◆ WHAT THE TASK REQUIRES ◆
With the pictures left aside, write out exactly the lines of the listing below from the line with "Mercedes ML/GLE W166" to the line with "Chelseas head coach", both included, and only those.

◆ DATA FOR ANALYSIS ◆
□ □ □ □

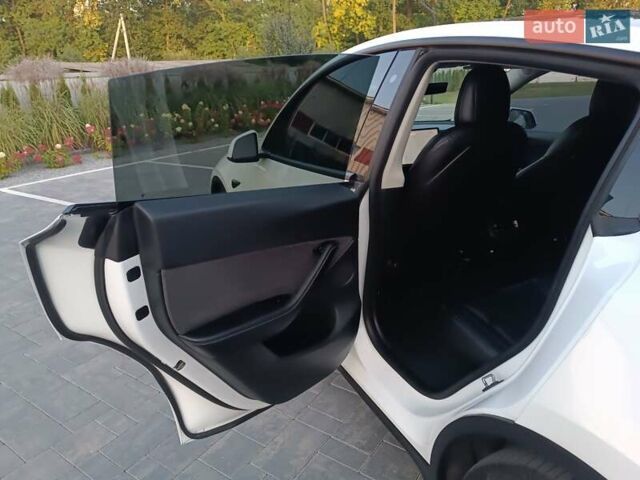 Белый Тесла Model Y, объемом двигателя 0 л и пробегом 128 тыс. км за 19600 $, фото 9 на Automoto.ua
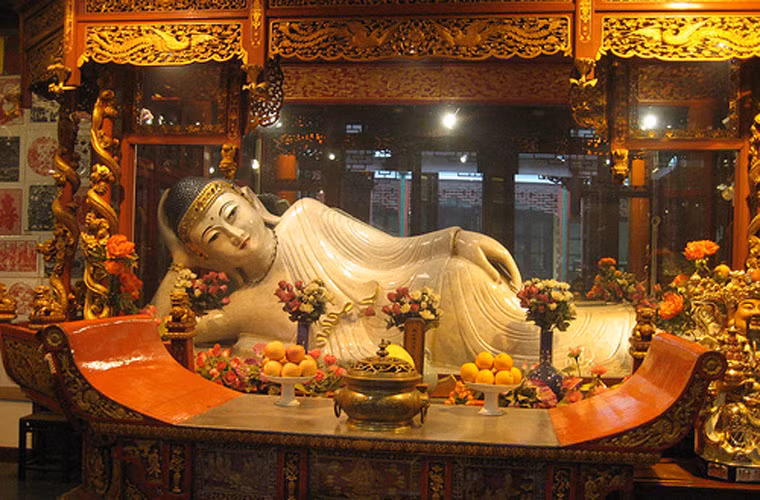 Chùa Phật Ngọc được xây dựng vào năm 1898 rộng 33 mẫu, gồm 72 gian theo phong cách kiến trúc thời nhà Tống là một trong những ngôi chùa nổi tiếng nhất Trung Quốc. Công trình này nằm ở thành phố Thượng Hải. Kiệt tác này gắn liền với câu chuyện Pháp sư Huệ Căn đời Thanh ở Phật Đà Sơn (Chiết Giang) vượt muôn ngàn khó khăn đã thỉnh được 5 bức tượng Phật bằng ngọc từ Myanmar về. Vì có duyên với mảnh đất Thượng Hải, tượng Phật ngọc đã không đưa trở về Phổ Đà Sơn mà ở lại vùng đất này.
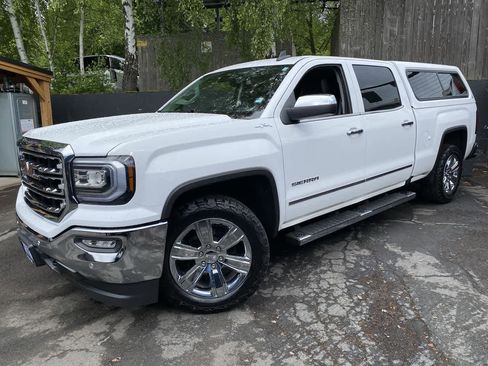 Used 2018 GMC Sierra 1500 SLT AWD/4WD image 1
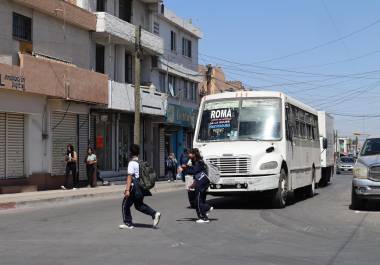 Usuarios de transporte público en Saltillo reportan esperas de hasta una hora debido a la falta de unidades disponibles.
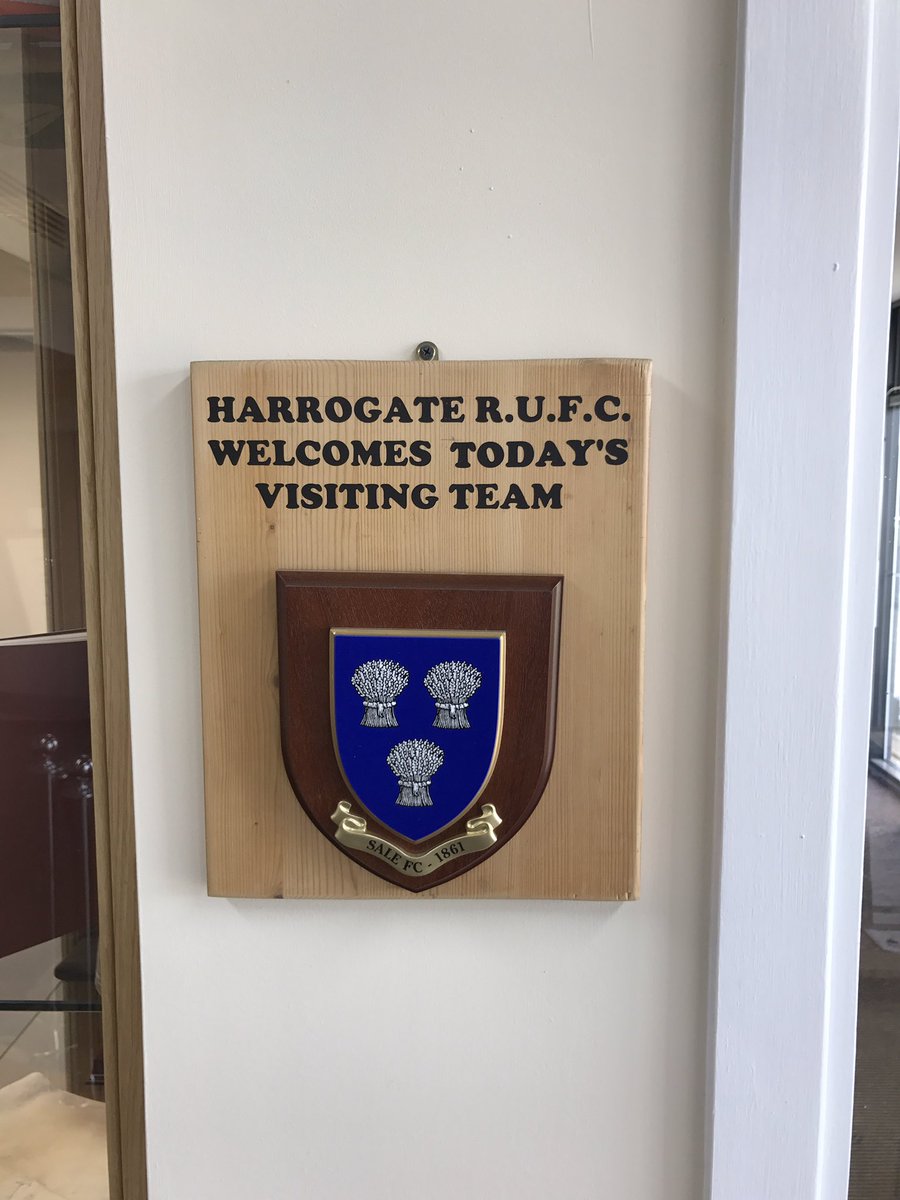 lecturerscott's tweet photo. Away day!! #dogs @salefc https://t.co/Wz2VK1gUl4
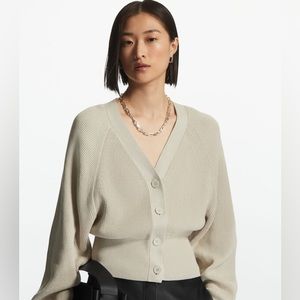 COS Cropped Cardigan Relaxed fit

□ □ □ □

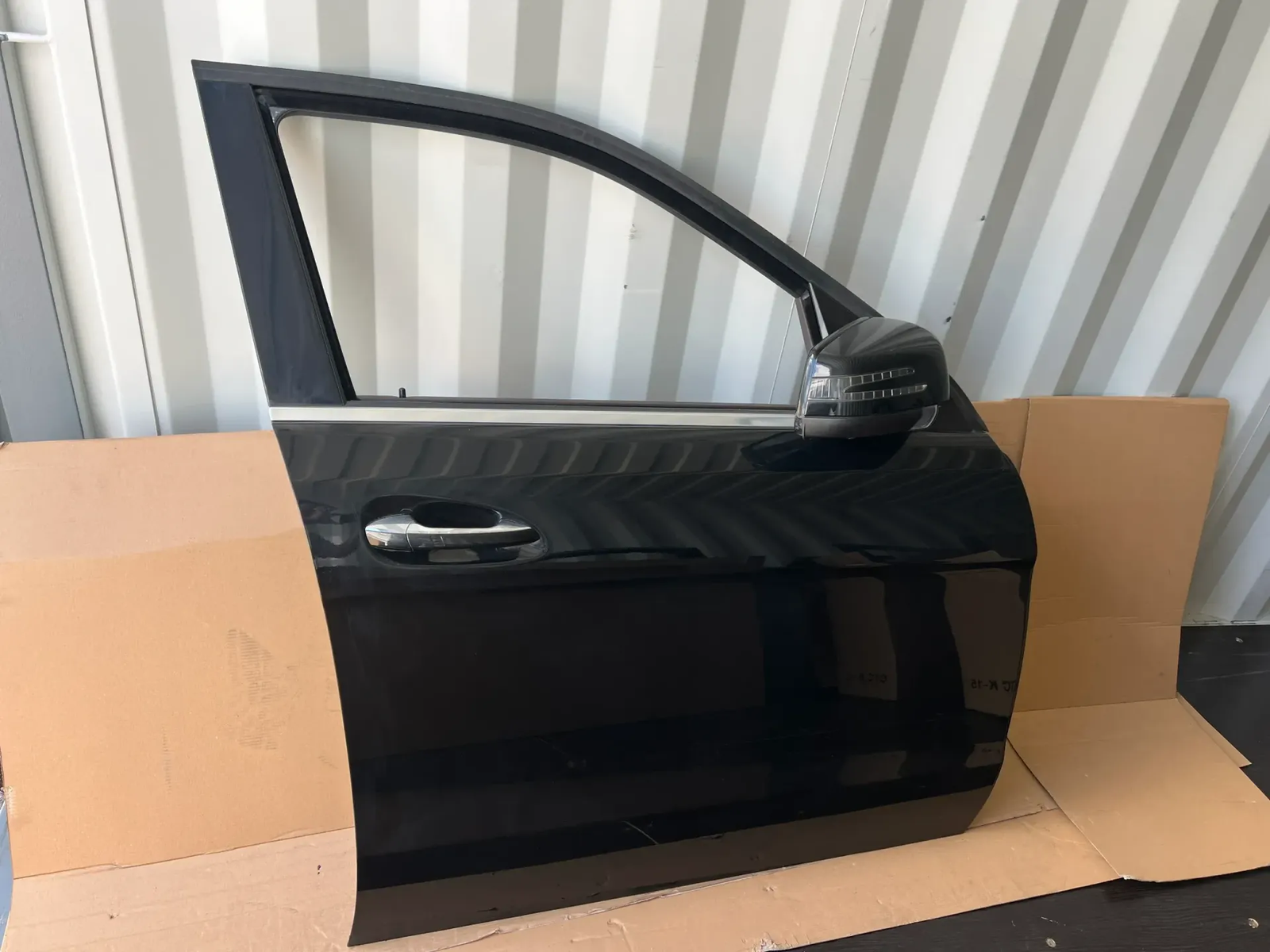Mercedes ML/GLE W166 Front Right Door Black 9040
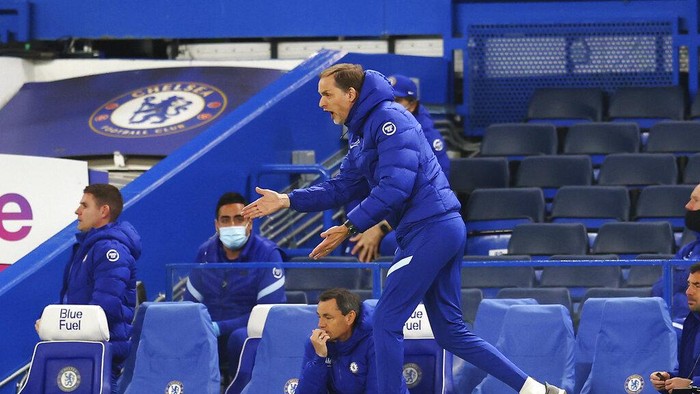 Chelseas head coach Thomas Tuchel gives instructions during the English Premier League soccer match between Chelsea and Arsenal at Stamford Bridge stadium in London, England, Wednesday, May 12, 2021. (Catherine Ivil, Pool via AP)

□ □ □ □

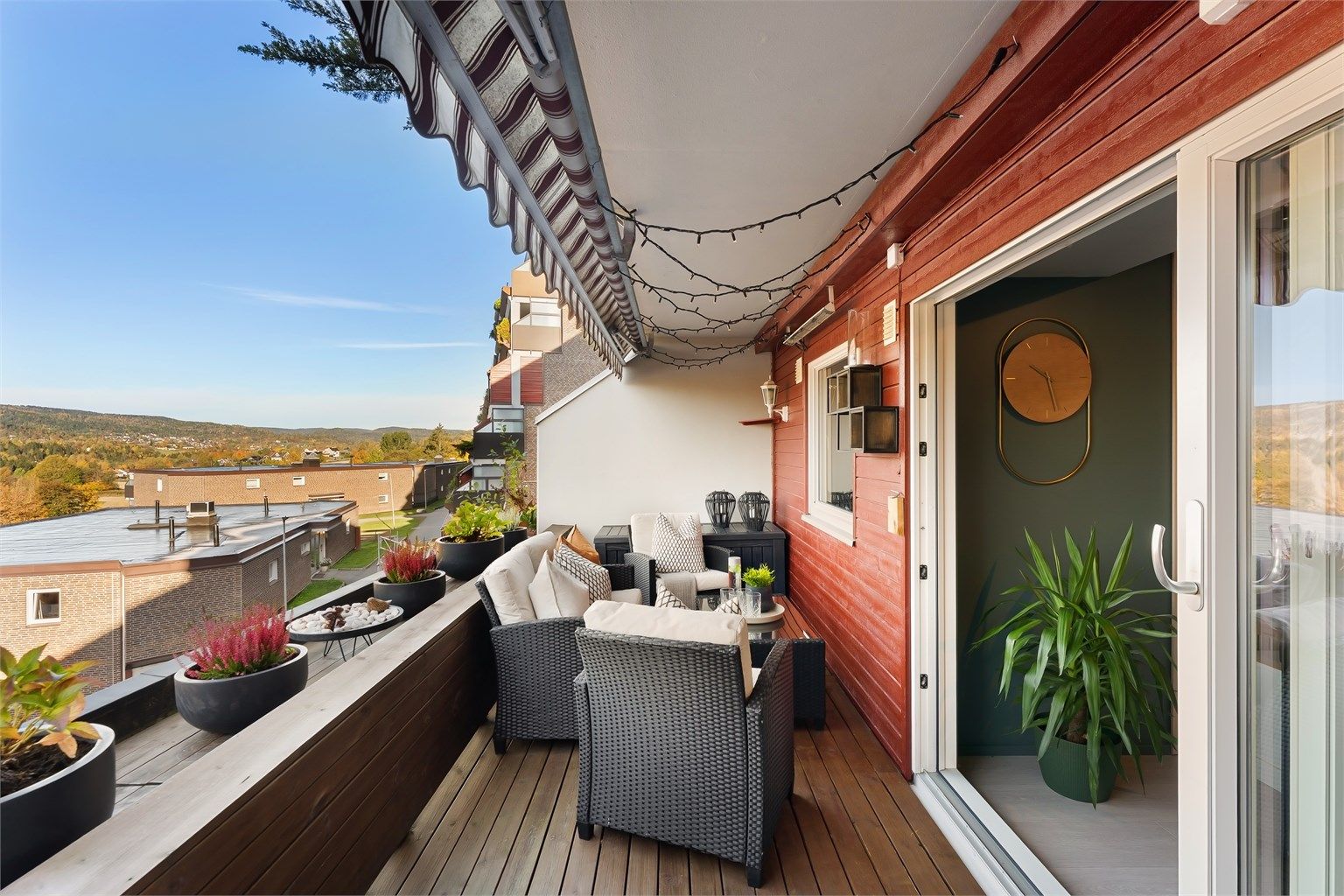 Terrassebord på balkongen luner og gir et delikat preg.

□ □ □ □

◆ OUTPUT FOR THIS TASK ◆
Mercedes ML/GLE W166 Front Right Door Black 9040
 Chelseas head coach Thomas Tuchel gives instructions during the English Premier League soccer match between Chelsea and Arsenal at Stamford Bridge stadium in London, England, Wednesday, May 12, 2021. (Catherine Ivil, Pool via AP)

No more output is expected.